Wie berichtet, ermittelt der Leitende Oberstaatsanwalt Klaus Hubmann gegen Distel und Harmatz, die heute in Israel leben, wegen eines Vorfalls, der 53 Jahre zurückliegt. Vor kurzem war die Geschichte in einem Film der Medienwerkstatt Franken von den Autoren Jim Tobias und Peter Zinke nochmals aufgegriffen worden: 1946 hatten Harmatz, Distel und andere Mitglieder der jüdischen Widerstandsgruppe Nakam (hebräisch: "Rache") in Nürnberg versucht, als Vergeltung für den Holocaust, die Insassen eines Kriegsgefangenenlagers in Langwasser zu töten. Als Mitarbeiter der Nürnberger Bäckerei "Konsum" getarnt, bestrichen sie Brotlaibe, die für das Lager bestimmt waren, mit Arsen. Zahlreiche Insassen erkrankten, getötet wurde offenbar niemand.

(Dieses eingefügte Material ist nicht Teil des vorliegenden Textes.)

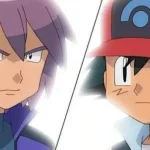 Ash Ketchum và Paul đối mặt nhau trong trận đấu Pokemon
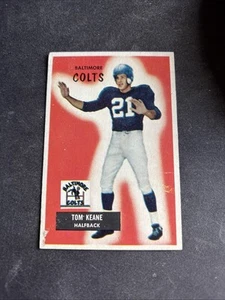 1955 Bowman - Tom Keane #30 Baltimore Colts Light Paper Loss VG - Picture 1 of 2
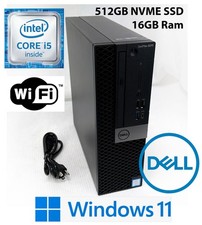 Dell Optiplex 5070 i5-9500, 16GB, 512GB NVMe, SFF PC Computer, Win 11 Pro +WiFi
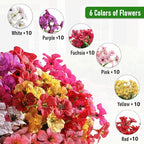 60 Pack Artificial Flowers Outdoor, Faux Silk Flowers - Image 6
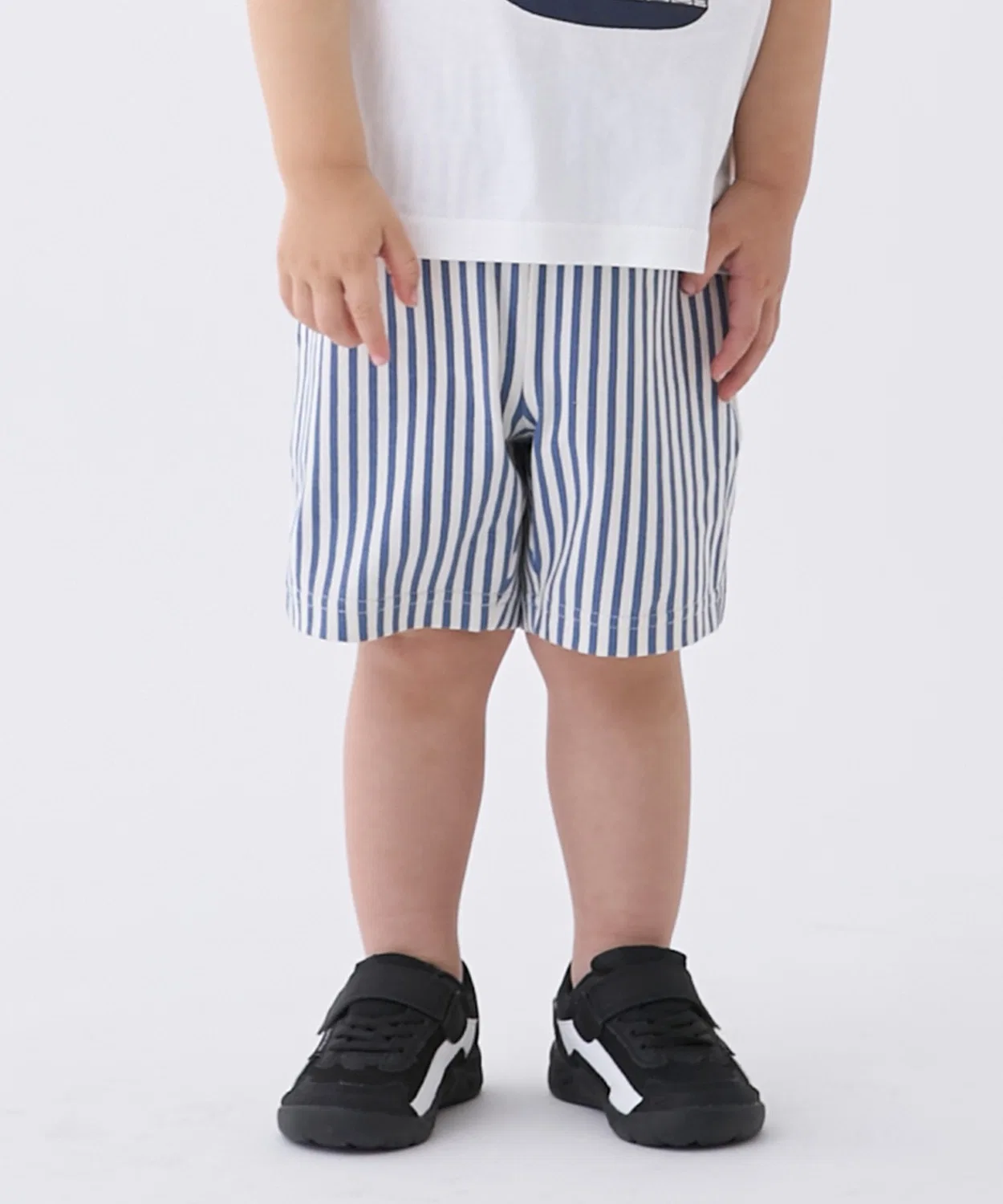 Детские шорты для мальчиков с принтом, модель BOYSショーパン, petit main, Light Green — фото 2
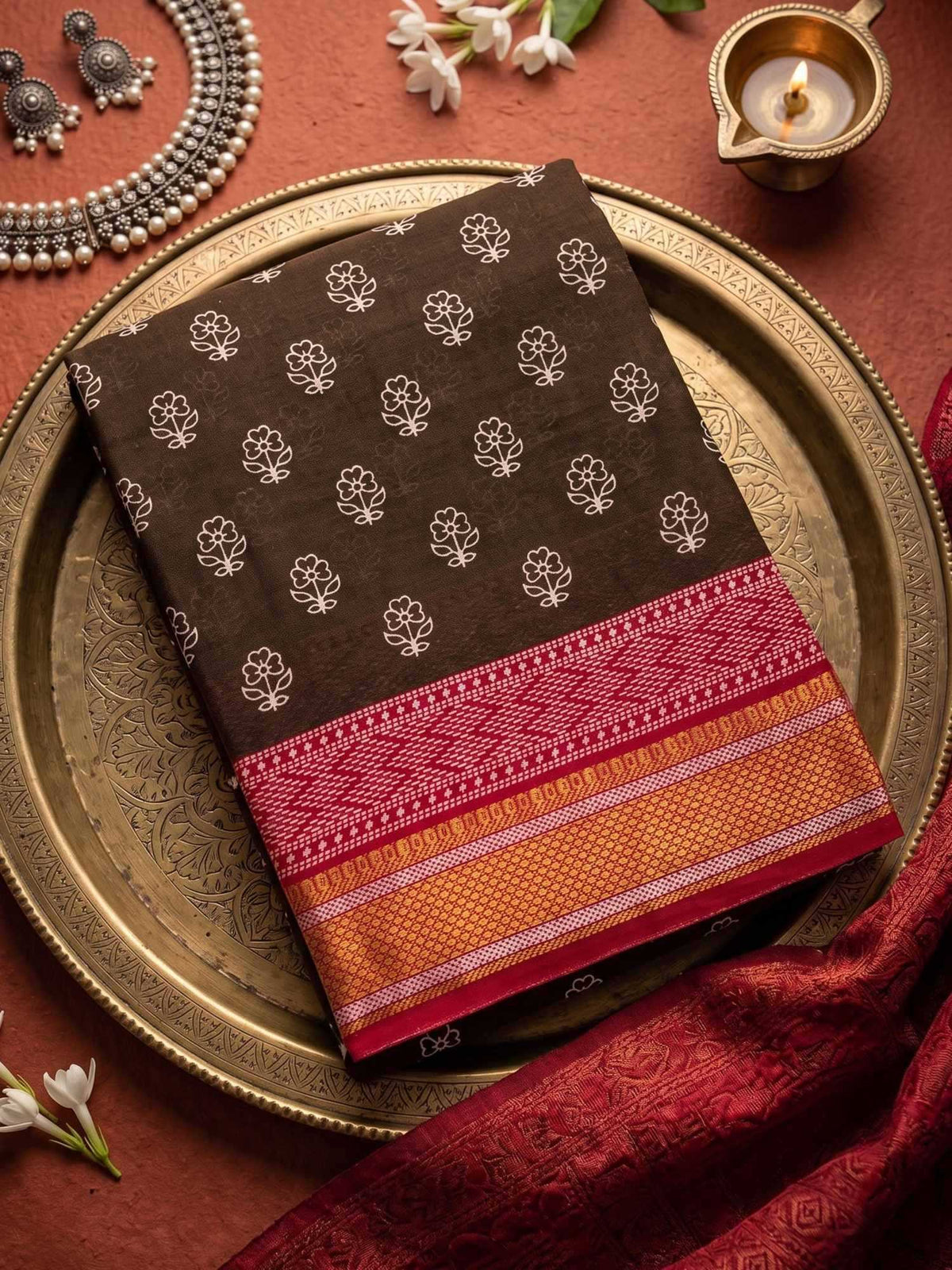 Ashwini Cotton Zari Border Saree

"Das Handeln der Männer ist keinesfalls rechtens gewesen", betont Hamburger. "Es muss aber unbedingt gesehen werden im Wissen um die Verzweiflung, die damals bei den Leuten herrschte." Die Überlebenden des Holocaust hatten erfahren, dass ihre Familien und Freunde getötet worden waren, da sei "nur verständlich, dass sie irgendwelche Ideen ausbrüteten". Man dürfe sich jedoch durch blinde Rache-Akte "keinesfalls auf eine Stufe mit Mördern stellen".
Scharfe Kritik übt Hamburger an den Filmemachern Tobias und Zinke, die diese "uralte Geschichte, die sowieso bekannt war, wieder ausgegraben haben". Warum konnte man das nicht einfach ruhen lassen?

Die Justiz sieht sich wiederum durch das Legalitätsprinzip zur Nachforschung gezwungen: "Wenn sich jemand im Fernsehen öffentlich zu einem versuchten Mord bekennt, wie die beiden in dem Film", betont Hubmann nochmals, "müssen wir tätig werden und ein Aufnahmeverfahren eröffnen." Da spielten politische oder moralische Aspekte keine Rolle. Wie das Verfahren weitergeht, sei genauso ungewiss wie die Frage, "ob jemals formal Anklage erhoben werden wird".

Die Grünen-Landtagsabgeordnete Christine Stahl hält es für "schwierig, nach fehlender Aufarbeitung und nie erfolgter Sühne von NS-Verbrechen, gegen Menschen zu ermitteln, deren Taten Ausfluss einer zuvor selbst erlebten Massenvernichtung waren". Und Autor Jim Tobias, der von der Justiz zu den Personalien seiner Hauptfiguren befragt worden war, beruft sich weiter auf sein Zeugnisverweigerungsrecht. Und wundert sich, dass "dieselbe Justiz, die gegen NS-Verbrecher eher schleppend vorgeht, gegen jüdische Täter plötzlich so viel Energie an den Tag legt".

Der Artikel erschien am 22. September 1999 in den Nürnberger Nachrichten.